Spike Lee’s newest film may be his most entertaining yet as well as his most volatile since DO THE RIGHT THING. Everything clicks into place in this twisted story of a young African-American cop who goes undercover as a member of the KKK. Every performance is spot-on, every bit of music is wonderfully evocative, the 1970s are recreated with eye-popping effect, and the screenplay is full of delightful barbs and attacks on America’s so-called morality when it comes to race. The ending will leave you either furious or numb. Possibly both.
2. ISLE OF DOGS and SPIDERMAN: INTO THE SPIDERVERSE
Two animated films made my top list, and they are very different from each other. Wes Anderson’s ISLE OF DOGS is a brilliantly political allegory about immigration and the sense of ‘the other’ created with meticulous stop-motion animation. It reels from hilarious to shocking to dark and sad to wild Akira Kurosawa-inspired adventure. The best voice talent cast I’ve ever heard makes it all easy to swallow, especially the wonderful Bryan Cranston as Chief. Yes, I cried. On the opposite end of the spectrum is the deliriously entertaining SPIDERMAN: INTO THE SPIDERVERSE, which thrills with its pop-art graphics, pulse-pounding effects, trippy colors, the best use of 3-D EVER, and a story that propelled the viewer from one astonishing action set piece to the next. It’s giddy, almost indescribable entertainment that made me so happy I forgot everything for two hours. When they threw the Spiderpig into the mix, I had a huge grin on my face. It also did the impossible – made me enjoy a second superhero movie in a single year…and a Spiderman one, to boot!
Alfonso Cuaron (GRAVITY, Y TU MAMA TAMBIEN) recreates the story of a year in his family in Mexico during the turbulent 1970s in glorious black and white cinematography In this Netflix film. Seen mostly through the lens of one of the housemaids (a breakout performance from Yalitza Aparicio), we witness the growth of the children, the loss of a boyfriend, a forest fire, and her own pregnancy. Nothing is entirely as it seems at first; the family is very kind to the maid in some ways, but she is paid so little she is practically a slave to the demands of the children. The images are memorable and stunning. The screen is full to bursting with activity so one doesn’t always know where to look. And every single frame seems entirely real. You will never forget the scene in the delivery room, all in a single emotional long take. ROMA isn’t always an easy film to watch, and some of it may seem tedious, but as a whole, it is a breath-taking piece of work that moved me more than any other film this year.
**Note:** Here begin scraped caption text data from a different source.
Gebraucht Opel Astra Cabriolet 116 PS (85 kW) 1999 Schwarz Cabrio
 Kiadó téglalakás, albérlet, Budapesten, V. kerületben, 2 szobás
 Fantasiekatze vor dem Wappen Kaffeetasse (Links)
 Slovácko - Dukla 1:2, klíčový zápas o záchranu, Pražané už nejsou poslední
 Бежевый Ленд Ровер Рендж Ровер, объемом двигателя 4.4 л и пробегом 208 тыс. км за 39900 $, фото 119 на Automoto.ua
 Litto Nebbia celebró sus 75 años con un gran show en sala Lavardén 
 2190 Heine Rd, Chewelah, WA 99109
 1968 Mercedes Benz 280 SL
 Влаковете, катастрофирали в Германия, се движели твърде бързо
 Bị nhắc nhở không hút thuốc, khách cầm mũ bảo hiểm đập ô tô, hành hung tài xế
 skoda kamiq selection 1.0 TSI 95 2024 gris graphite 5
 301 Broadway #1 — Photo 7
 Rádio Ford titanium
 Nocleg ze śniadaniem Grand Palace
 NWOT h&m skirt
Runners Up: These were all terrific films that I enjoyed, but they just didn’t quiet make the cut.
A SIMPLE FAVOR (Hollywood thriller done right), CRAZY RICH ASIANS (Hollywood rom-com done right), A STAR IS BORN (gorgeous music and acting), UPGRADE (Now that is how you make a low budget action movie!), WON’T YOU BE MY NEIGHBOR (immensely emotional film about Mr. Rodgers, of all things), BORDER (weird, wooly, and with a terrific central performance…plus, icky weird sex!), BALLAD OF BUSTER SCRUGGS (Netflix and the Coen Brothers make mini-westerns), DUMPLIN’ (Netflix film empowering young women…plus, Dolly Parton music), LOVE, SIMON (a gay rom-com for teens as good as anything in the 1980s), THE DEATH OF STALIN (hilarious black comedy), THE RIDER (fabulous drama of rodeo riders), and PADDINGTON 2 (lovely, adorable, sweet, are there enough adjectives?).